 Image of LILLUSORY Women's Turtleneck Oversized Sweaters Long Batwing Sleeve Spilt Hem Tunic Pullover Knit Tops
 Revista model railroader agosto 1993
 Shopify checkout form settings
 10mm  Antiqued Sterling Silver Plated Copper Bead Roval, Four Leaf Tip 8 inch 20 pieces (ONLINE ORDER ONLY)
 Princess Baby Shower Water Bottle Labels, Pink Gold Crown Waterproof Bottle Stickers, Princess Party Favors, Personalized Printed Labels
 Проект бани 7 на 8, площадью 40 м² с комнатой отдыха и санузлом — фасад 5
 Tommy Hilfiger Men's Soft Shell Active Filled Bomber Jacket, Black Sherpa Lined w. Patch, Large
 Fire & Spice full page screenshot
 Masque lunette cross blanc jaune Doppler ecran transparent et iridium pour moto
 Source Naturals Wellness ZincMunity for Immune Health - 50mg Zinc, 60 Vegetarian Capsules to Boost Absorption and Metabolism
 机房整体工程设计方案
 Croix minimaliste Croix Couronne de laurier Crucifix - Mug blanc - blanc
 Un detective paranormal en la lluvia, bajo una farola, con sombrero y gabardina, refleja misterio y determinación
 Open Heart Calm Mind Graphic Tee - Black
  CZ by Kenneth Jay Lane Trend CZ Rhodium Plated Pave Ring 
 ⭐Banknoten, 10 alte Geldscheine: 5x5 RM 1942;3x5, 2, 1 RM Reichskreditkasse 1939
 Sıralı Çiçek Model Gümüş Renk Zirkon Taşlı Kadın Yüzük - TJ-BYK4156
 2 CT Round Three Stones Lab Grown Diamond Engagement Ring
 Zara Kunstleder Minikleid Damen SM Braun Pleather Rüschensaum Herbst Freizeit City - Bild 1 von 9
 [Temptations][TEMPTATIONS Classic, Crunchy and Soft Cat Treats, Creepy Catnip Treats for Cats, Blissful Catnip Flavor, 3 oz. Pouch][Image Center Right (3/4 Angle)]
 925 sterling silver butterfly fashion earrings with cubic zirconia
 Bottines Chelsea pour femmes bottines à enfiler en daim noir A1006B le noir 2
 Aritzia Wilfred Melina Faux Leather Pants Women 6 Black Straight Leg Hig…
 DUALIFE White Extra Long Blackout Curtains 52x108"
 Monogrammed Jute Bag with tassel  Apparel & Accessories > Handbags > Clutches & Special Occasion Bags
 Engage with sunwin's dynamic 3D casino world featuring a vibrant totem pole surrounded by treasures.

**Prompt:** The answer is all of the material, repeated exactly.

**Solution for this problem:**
 Image of LILLUSORY Women's Turtleneck Oversized Sweaters Long Batwing Sleeve Spilt Hem Tunic Pullover Knit Tops
 Revista model railroader agosto 1993
 Shopify checkout form settings
 10mm  Antiqued Sterling Silver Plated Copper Bead Roval, Four Leaf Tip 8 inch 20 pieces (ONLINE ORDER ONLY)
 Princess Baby Shower Water Bottle Labels, Pink Gold Crown Waterproof Bottle Stickers, Princess Party Favors, Personalized Printed Labels
 Проект бани 7 на 8, площадью 40 м² с комнатой отдыха и санузлом — фасад 5
 Tommy Hilfiger Men's Soft Shell Active Filled Bomber Jacket, Black Sherpa Lined w. Patch, Large
 Fire & Spice full page screenshot
 Masque lunette cross blanc jaune Doppler ecran transparent et iridium pour moto
 Source Naturals Wellness ZincMunity for Immune Health - 50mg Zinc, 60 Vegetarian Capsules to Boost Absorption and Metabolism
 机房整体工程设计方案
 Croix minimaliste Croix Couronne de laurier Crucifix - Mug blanc - blanc
 Un detective paranormal en la lluvia, bajo una farola, con sombrero y gabardina, refleja misterio y determinación
 Open Heart Calm Mind Graphic Tee - Black
  CZ by Kenneth Jay Lane Trend CZ Rhodium Plated Pave Ring 
 ⭐Banknoten, 10 alte Geldscheine: 5x5 RM 1942;3x5, 2, 1 RM Reichskreditkasse 1939
 Sıralı Çiçek Model Gümüş Renk Zirkon Taşlı Kadın Yüzük - TJ-BYK4156
 2 CT Round Three Stones Lab Grown Diamond Engagement Ring
 Zara Kunstleder Minikleid Damen SM Braun Pleather Rüschensaum Herbst Freizeit City - Bild 1 von 9
 [Temptations][TEMPTATIONS Classic, Crunchy and Soft Cat Treats, Creepy Catnip Treats for Cats, Blissful Catnip Flavor, 3 oz. Pouch][Image Center Right (3/4 Angle)]
 925 sterling silver butterfly fashion earrings with cubic zirconia
 Bottines Chelsea pour femmes bottines à enfiler en daim noir A1006B le noir 2
 Aritzia Wilfred Melina Faux Leather Pants Women 6 Black Straight Leg Hig…
 DUALIFE White Extra Long Blackout Curtains 52x108"
 Monogrammed Jute Bag with tassel  Apparel & Accessories > Handbags > Clutches & Special Occasion Bags
 Engage with sunwin's dynamic 3D casino world featuring a vibrant totem pole surrounded by treasures.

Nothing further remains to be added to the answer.